We praised that turn as well, which I’m not going to really get into much because you know my style! But it was necessary, there had to be consequences. I mean, from the premise: this is a story about a family of ragtag petty thieves who kinda half accidentally/half on purpose steal a kid. An abused little girl, but still, you can’t just steal kids! As one of my friends said, if this had just been a fun romp through illegality it wouldn’t have been as good. It wouldn’t have been as genuine. And what’s interesting is that even though there’s comeuppance and fallout, this isn’t a moralistic movie. Shoplifters isn’t going to tell you that anyone is right. In fact, it’s probably going to tell you that everyone is wrong. So let’s start there, and then move forward with compassion.

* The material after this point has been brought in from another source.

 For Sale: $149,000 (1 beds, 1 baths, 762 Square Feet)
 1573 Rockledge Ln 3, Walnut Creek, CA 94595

And at last we headed over to the food carts nearby, because we had started praising the noodles. This is the best Asian food porn movie since Crazy Rich Asians—a watershed year for this, apparently! It’s welcome. I love watching people enthusiastically eating on film, god do I ever. And it’s part of that warmth of this one. The family table, and the family humor. You gather, you joke, you break bread. This is how family is made. And sometimes a family is just a group of criminals sharing a paper bag of croquettes.

 

If Beale Street Could Talk

This was a stranger movie than I anticipated! Oddly, not sure if I loved it. That goes against brand.

This does not go against Barry Jenkins’ brand. It is very clear this is the same director who made Moonlight—the lyricism, the gorgeous score, shots painted with colors almost too beautiful to believe, shots close on beautiful black faces as if the camera is caught suspended on a musical note, as if we’re wondering who is holding whom in contemplation. But I feel now like the people who didn’t go in for Roma, who say: I appreciate its technical mastery of filmic beauty, but it just wasn’t in my stars; it left me a little cold. Roma took my heart. Moonlight took my heart. If Beale Street Could Talk didn’t quite.

This is not to say tears didn’t bloom in my eyes at moments, because they did (Regina King, ohh Regina King). But there was something about the line deliveries in this one I think, this slow cadence that kept me just a hand’s breadth apart, thinking “old stage play” for some reason, even though the performances could hardly have been less traditionally theatrical (those close-ups! film was invented for those close ups! this is a movie!) (I do love it by the way, when a director’s great love for cinema seeps into their works—Jenkins’ characters asking one another if they want to go see a movie, Cuaron’s actually going, last year Del Toro’s living above a film house…)

Ultimately, how I really know the peaks and valleys of my feelings just didn’t find the right register with this one, is that far and away the most profound emotional moment I experienced was when, miracle of miracles, Diego Luna magically appeared onscreen with nothing more to do than be a kind dear lovely restaurant owner for a few moments, the kindest dearest and loveliest you ever saw, and so overcome was I with how much I love him that I genuinely collapsed a little onto my friend’s shoulder. Diego Luna is the most charming man I think I have ever seen. He is like a living candle.

Anyway this has been my hopelessly inadequate review of Barry Jenkins’ poetic adaptation of the James Baldwin novel If Beale Street Could Talk, in which Diego Luna appears for about a minute and a half. In 2019 we own our melt points, and this one of mine (Diego Luna).